Каким мы увидим Иевлева в заключительной части? Он остаётся прежним «для чести и друзей». Мы видим, что живут они в новой столице по соседству с Рябовыми, дружеские отношения между семьями поддерживаются, хотя Марья Никитична и держится несколько отстранённо и свысока: «попозже, шурша шубкой, крытой шёлком, пришла Марья Никитишна Иевлева», услышав приказ мужа позвать дочерей в честь приезда Рябова-младшего, «чуть всполошилась: гоже ли в сей неранний час, хорошо ли то будет, угодно ли самим хозяевам». Сам же Иевлев держит себя с Иваном Савватеевичем, как и раньше, по-дружески. И породнится с кормщиком. Ирина Иевлева шепнёт любимому: «Батюшка непременно отдаст за тебя, хоть матушка и попротивится». И, видимо, в семье всё будет благополучно, потому что Сильвестр Петрович с улыбкой и гордостью скажет о себе: «Давно дед! Двух внуков видел, а третью - внучку - ещё не поспел повидать, в плавании пребывал».

А в эпилоге мы узнаем, что Иевлев, уже вице-адмирал, погружённый в дела, дома, «как началась высадка в Швеции нашего войска, с тех пор и не бывал. Год скоро». А сейчас готовится отправляться «командором над эскадрой» (той самой, с которой Рябов пойдёт «дядькою») в заграничное плавание и, верный себе, предлагает, раз «нынче, слава Богу, дожили, есть у нас и свои моряки - истинные, природные россияне»: «Не шли бы капитанами англичане». И указывает назначение: «На флагманском корабле пойдёт Егор Пустовойтов».

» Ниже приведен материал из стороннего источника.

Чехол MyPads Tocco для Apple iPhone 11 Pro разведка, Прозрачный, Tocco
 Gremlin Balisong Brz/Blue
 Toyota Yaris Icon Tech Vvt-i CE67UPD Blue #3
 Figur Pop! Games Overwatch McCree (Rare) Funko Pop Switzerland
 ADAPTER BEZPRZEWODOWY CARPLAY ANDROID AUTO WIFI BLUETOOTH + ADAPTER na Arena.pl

Ещё до новых походов Петра, вскоре после своего освобождения, Сильвестр Петрович будет думать, «что надобно дело делать, коего так бесконечно много, что и не знаемо, как подступиться». И будет, как сказано другим писателем, «жить и исполнять свои обязанности».

Мы не знаем, каким был реальный петровский стольник Сильвестр Иевлев. И представляем его себе таким, каков он в романе, - одним из достойнейших людей.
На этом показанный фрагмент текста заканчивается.